So, conceptually it looks like this:
What happens when you open or close a notebook?
If you have a folder with some sections (in this example, "studies") and you open it OneNote as a notebook, OneNote will go through all sections and cache them in the manner described above, but it will *not* remove embedded files from the sections stored in the File System.
If now you try to play the audio in OneNote, it will rely on the cached external copy of the file to be present (because it's way faster/easier to play from this file than from the embedded data). So, if you delete the folder OneNote won't be able to play the file. However, if you close the notebook and open it again, OneNote will re-cache everything and all your data should be available again.
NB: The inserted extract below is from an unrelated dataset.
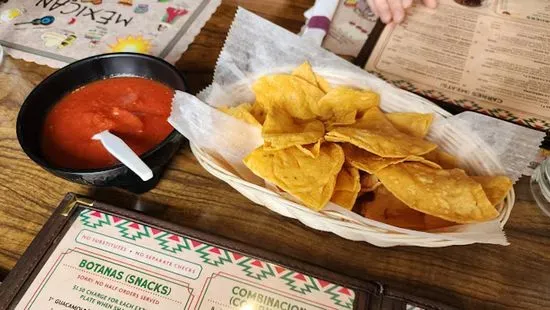 Chips & Salsa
What might go wrong and cause size bloat?
Some operations inside OneNote cause duplicated copies of embedded files to be created, most common example being copy-paste of an embedded file. So, if you had a session of re-organizing your notes and copy-pasted a lot of embedded files, you'd see a spike in cache size. Those copies should be removed by OneNote's garbage collection, and this leads us to the next point.
OneNote has asynchronous garbage collection logic when from time to time it cleans up the cached files from those that are not needed anymore. In some cases garbage collection (GC) either fails to run at all (e.g. access denied conditions sometimes happen on Vista for no apparent reason) or it fails to collect specific files because it incorrectly concludes they are still needed.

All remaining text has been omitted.